Using only the entries below, output the lines starting at the one containing "May include: A" and ending at the one containing "Vela Aromática de", exactly and inclusive of both, omitting the pictures.
** Opening INFORMATION PROVIDED block **
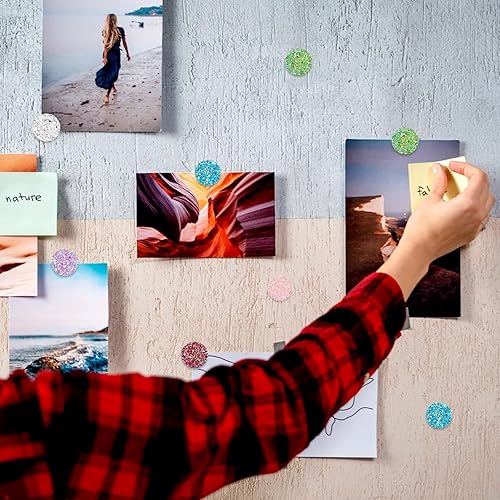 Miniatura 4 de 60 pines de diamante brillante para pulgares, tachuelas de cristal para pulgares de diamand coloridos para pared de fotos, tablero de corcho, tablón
** Closing INFORMATION PROVIDED block **
** Opening INFORMATION PROVIDED block **
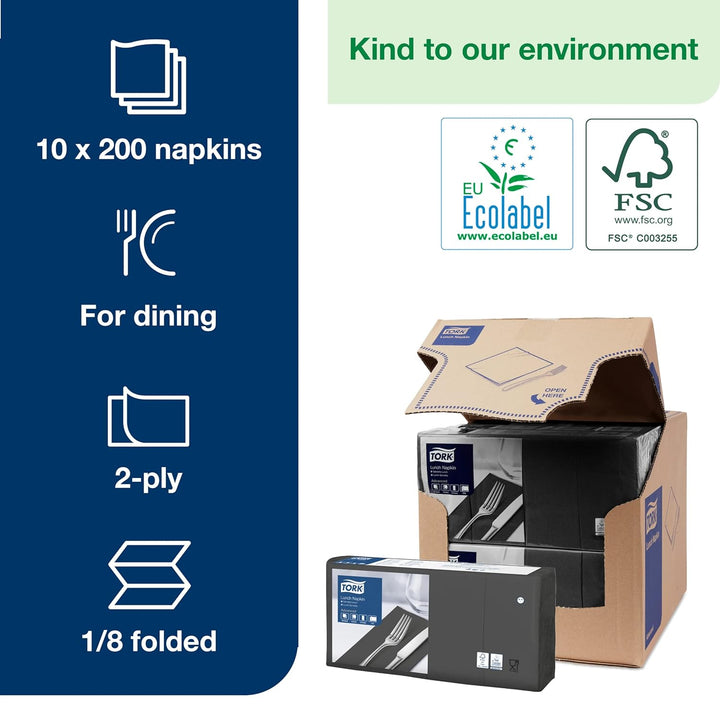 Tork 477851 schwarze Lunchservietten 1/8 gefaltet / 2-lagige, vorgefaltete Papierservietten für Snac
** Closing INFORMATION PROVIDED block **
** Opening INFORMATION PROVIDED block **
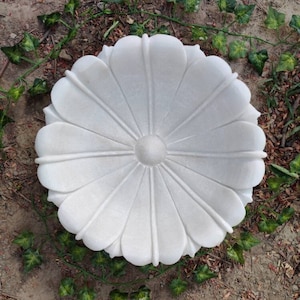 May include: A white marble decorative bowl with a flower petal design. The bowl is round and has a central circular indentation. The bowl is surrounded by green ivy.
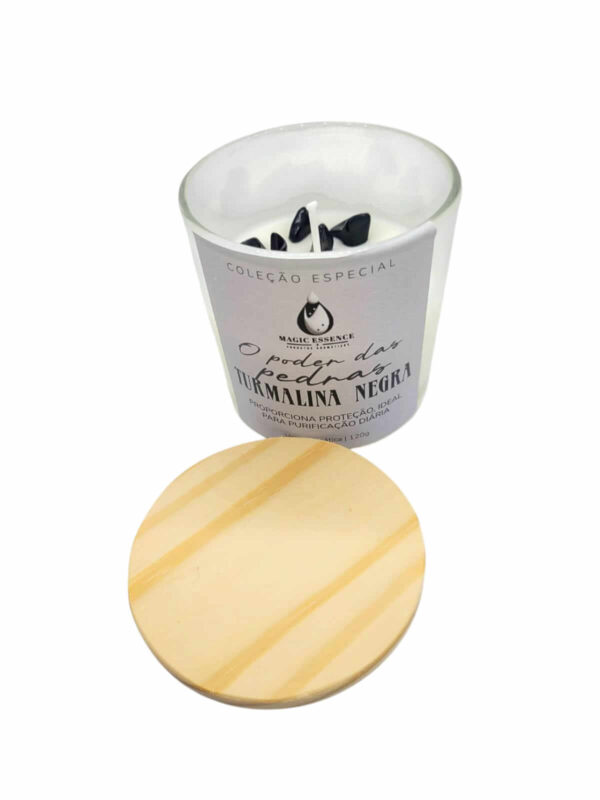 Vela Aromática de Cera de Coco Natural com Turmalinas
** Closing INFORMATION PROVIDED block **
* ANSWER
 May include: A white marble decorative bowl with a flower petal design. The bowl is round and has a central circular indentation. The bowl is surrounded by green ivy.
 Vela Aromática de Cera de Coco Natural com Turmalinas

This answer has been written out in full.